Here's the idea. Let's say we have two vectors, $\mathbf{a}, \mathbf{b} \in \mathbb{R}^2$. It's not hard to show that the area of the parallelogram with vertices $\mathbf{0}, \mathbf{a}, \mathbf{b}$ and $\mathbf{a} + \mathbf{b}$ is $|\mathbf{a}| \cdot |\mathbf{b}| \sin\theta$, where the angle between our two vectors is $\theta$.
Let's give this function a name; $Ar(\mathbf{a}, \mathbf{b})$. As we demand linearity, then it must be the case that
\begin{align*}Ar(\mathbf{a + b},\mathbf{a + b}) &= Ar(\mathbf{a} , \mathbf{a}) +Ar(\mathbf{a} , \mathbf{b}) +Ar(\mathbf{b} , \mathbf{a}) + Ar(\mathbf{b} , \mathbf{b})\\
&= 0 + Ar(\mathbf{a} , \mathbf{b}) + Ar(\mathbf{b} , \mathbf{a}) + 0\\
&= 0,\end{align*}
where all the zeros come from the fact that the area $Ar(\mathbf{x} , \mathbf{x})$ can only sensibly be $0$ for all vectors $\mathbf{x}$.

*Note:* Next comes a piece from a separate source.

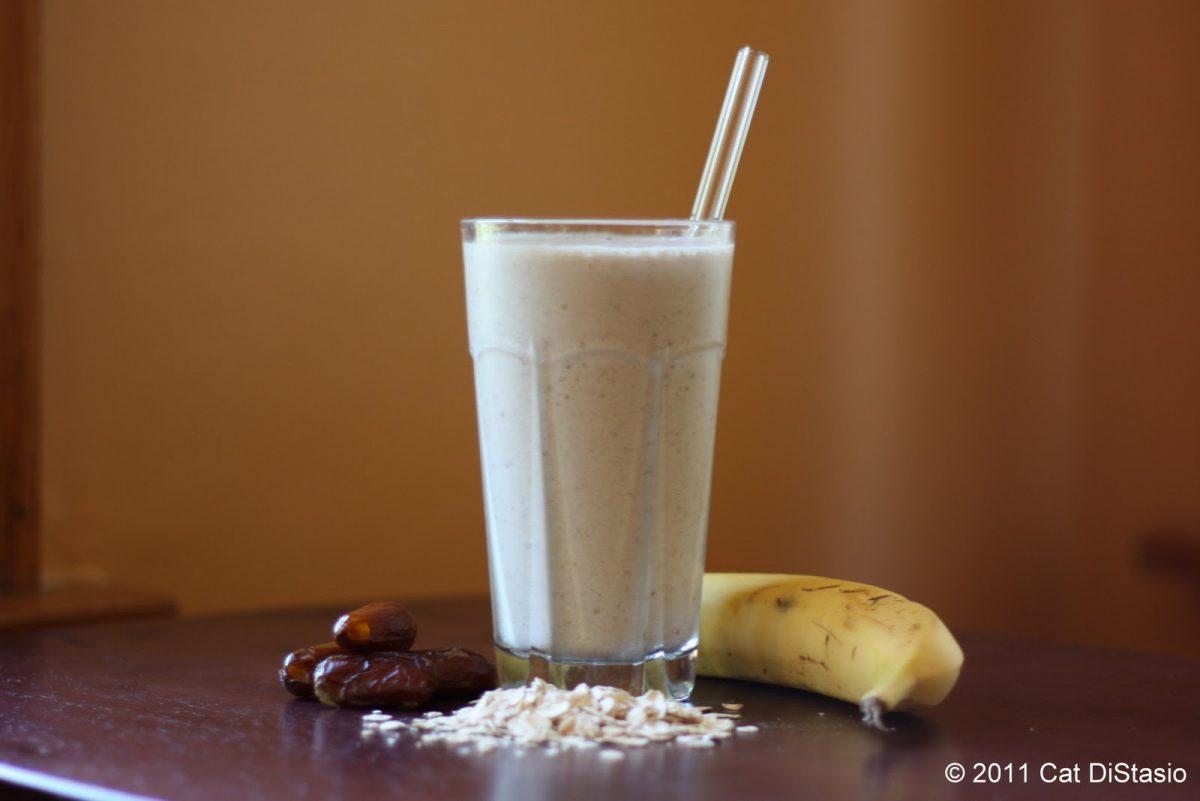 Banana Date Smoothie (Courtesy of The Monday Campaigns)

Thus, we're forced to set $Ar(\mathbf{b} , \mathbf{a}) = -Ar(\mathbf{a} , \mathbf{b})$, in order to get the sane result that $Ar(\mathbf{a+b} , \mathbf{a+b}) = 0$.

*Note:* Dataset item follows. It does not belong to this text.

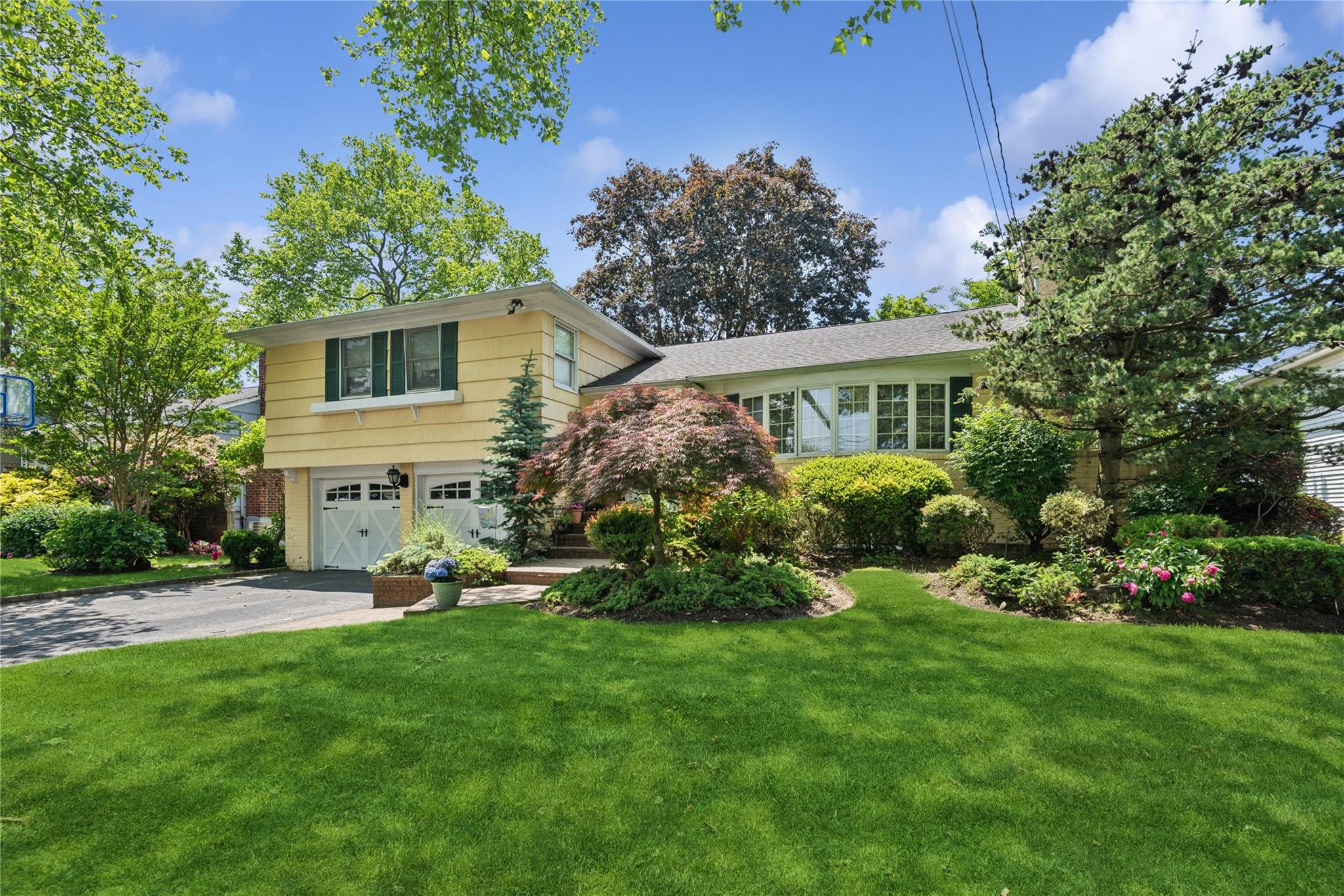 221 Somerset Drive Property Photo 1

This isn't the whole story, of course, but that's the idea: vanishing on a linearly dependent input list and (multi)linearity force us to use antisymmetry. In order to get sensible results in terms of volumes of parallelopipeds, we need oriented volume.
That, in my opinion, is the best motivator for the determinant: thinking in terms of signed volumes. It has a geometric intuition and even 'detects' linear dependence, like we saw above. It provides a great way to see why antisymmetry is essentially required.